Round 4 — chain arches
- ch 1, sc in outer sc of petal, ch 5 — repeat around to make 12 ch-5 arches. Join.
Round 5 — alternating fans/connectors
- Into every other ch-5 arch work (sc, ch1, hdc, 5 dc, hdc, ch1, sc) (large fan).
- Into the remaining arches work (sc, ch 3, sc) (small connector).
- Repeat alternating around. Join.
Round 6 — tall loops row
- ch 1, sc in first sc, ch 7, sc in next sc — repeat across (12 ch-7 loops). Join.
Round 7 — top fans
- In each ch-7 loop work: (sc, ch2, 3 dc, ch2, sc) — narrow top fan. Join.
Round 8 — create 6 corner points (hex shape)
You have 12 top-fan spaces. Make corners in every 2nd top-fan to get 6 corners.
- Into top fan #1 — work (3 dc); into top fan #2 — work (3 dc, ch 3, 3 dc) (corner); repeat this [3dc][corner] pattern around.
- Join with sl st.
Round 9 — tidy sc round (joinable)
- ch 1, sc evenly around motif; work 3 sc into each corner ch-3. Join and fasten off.
- Block motif to square/hexagon measuring your target W.

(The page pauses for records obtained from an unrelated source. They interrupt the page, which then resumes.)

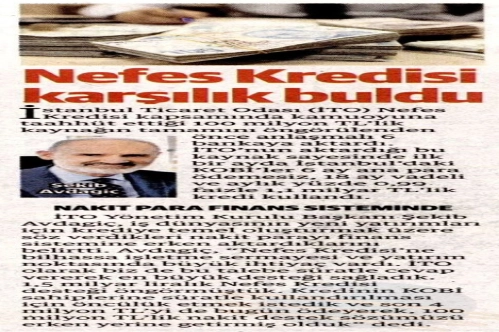 Nefes kredisi karşılık buldu
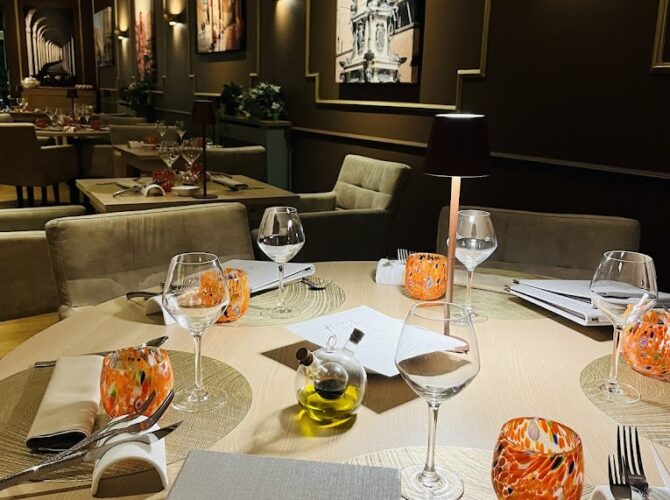 Restaurant Emilia à Waterloo, Belgique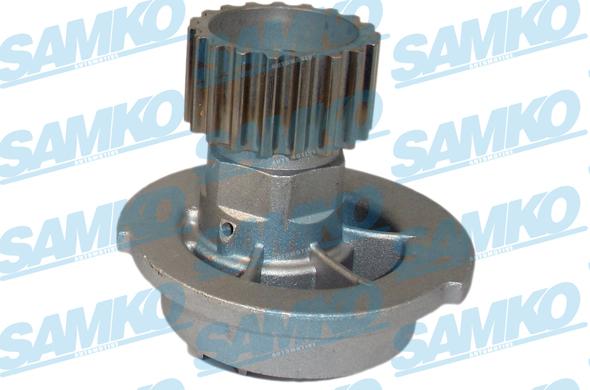 Samko WP0263 - Water Pump autospares.lv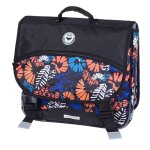 Cartable scolaire les petites bombes tropical 38 cm 2 compartiments multicolore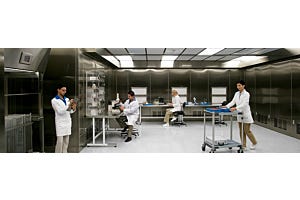 ISO Class 5 - ISO 8 Cleanroom Applications, Uses, and Installation Photos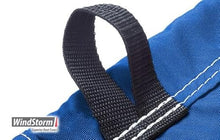 Eevelle Windstorm Pontoon Boat Cover Waterproof MARINEX Fabric Royal Blue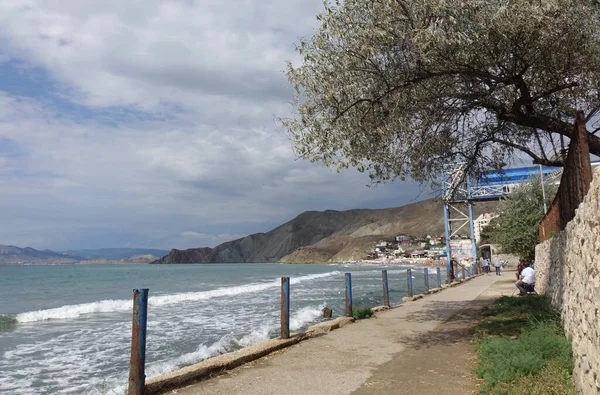 East Crimean Seascape Ucrânia — Fotografia de Stock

Notes: if Round 8 feels confusing, think simply: place a corner every other top fan so you end with six corners evenly spaced.

3) How many motifs do you need (S / M / L example)

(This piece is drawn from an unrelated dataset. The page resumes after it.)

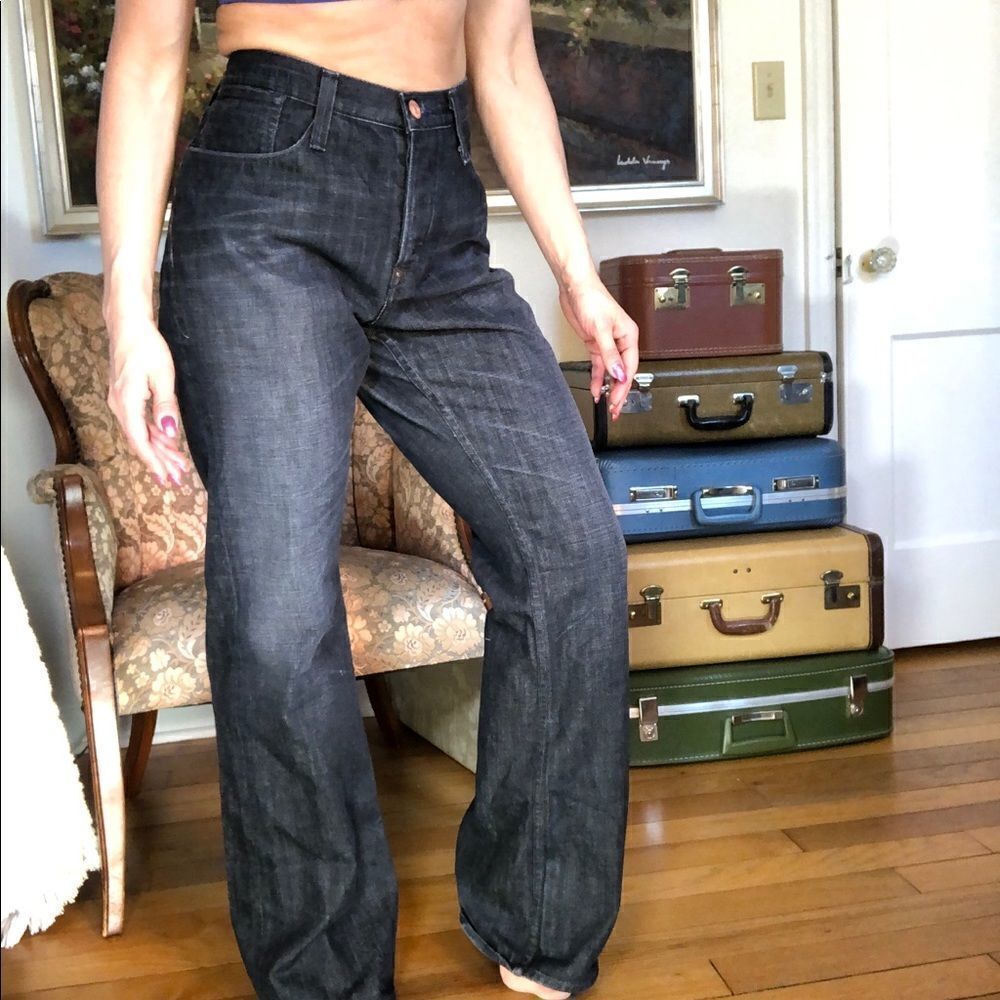 Ernest sewn denim jeans 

Using blocked motif width W = 10 cm as example.
Decide finished bust (with ease) and crop height in motifs (rows). Example finished bust targets:
- S ≈ 86 cm (34″)
- M ≈ 96 cm (38″)
- L ≈ 106 cm (42″)
Calculate motifs across (full width) = finished bust ÷ W. We usually split front/back.
Example layouts (common crop length ~ 18–22 cm → 2 rows if W=10 cm; 3 rows gives a longer crop):
Small (S) — modest crop
- motifs across full chest ≈ 86 / 10 ≈ 8.6 → use 9 motifs across total (4 front + 5 back or 4+4 with center seam; easier: front = 4, back = 5).

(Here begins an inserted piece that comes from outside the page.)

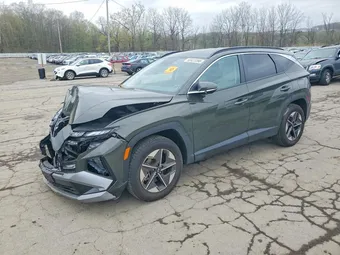 2025 Hyundai Tucson 5NMJCCDE2SH579403 Lot 50423396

- rows (height) = 2 rows → front panel = 4 × 2 = 8 motifs, back panel = 5 × 2 = 10 motifs.
- total motifs ≈ 18, plus 2–4 extras for straps/adjustments → ~20 motifs.
Medium (M)
- across ≈ 96 / 10 ≈ 9.6 → use 10 motifs across (front 5, back 5).
- rows = 2 → front = 5 × 2 = 10, back = 5 × 2 = 10 → total 20 + extras → ~22–24 motifs.
Large (L)
- across ≈ 106 / 10 ≈ 10.6 → use 11 motifs across (front 5 + back 6).
- rows = 2–3 depending on desired crop length (2 rows = short crop; 3 rows = longer).
- If 2 rows: front 5×2=10 + back 6×2=12 → 22 motifs (+ extras). If you want more length use 3 rows: 5×3 + 6×3 = 33 motifs.
⚠️ If your blocked motif W ≠ 10 cm, use this formula:
- motifs_across_total = round(finished_bust_cm / W)
- front_motifs = round(motifs_across_total / 2)
- rows = round(desired_height_cm / W)
- total motifs = motifs_across_total × rows (then split into front/back)
4) Join motifs — options
Recommended: Join-As-You-Go (JAYG)
Join on the final sc round (Round 9):
JAYG quick script (where joining happens):
- On the new motif’s Round 9 when you come to a side that will touch a finished neighbor:
- Instead of plain
scin that stitch, do:sc in your motif st, ch 1, sl st into the corresponding sc (or corner sc) of the finished motif, ch 1. - Continue your sc round. For corners that meet two neighbors, sl st into both neighbors’ corner ch-3 spaces symmetrically.
- Instead of plain
- Work the first row left to right; for the second row, join each new motif to the motif above and the one to the left as you go.
Tips:
- Pin neighbors before joining to make alignment precise.
- If seams feel tight, make the sl st joins looser or use ch-2 instead of ch-1 for more slack.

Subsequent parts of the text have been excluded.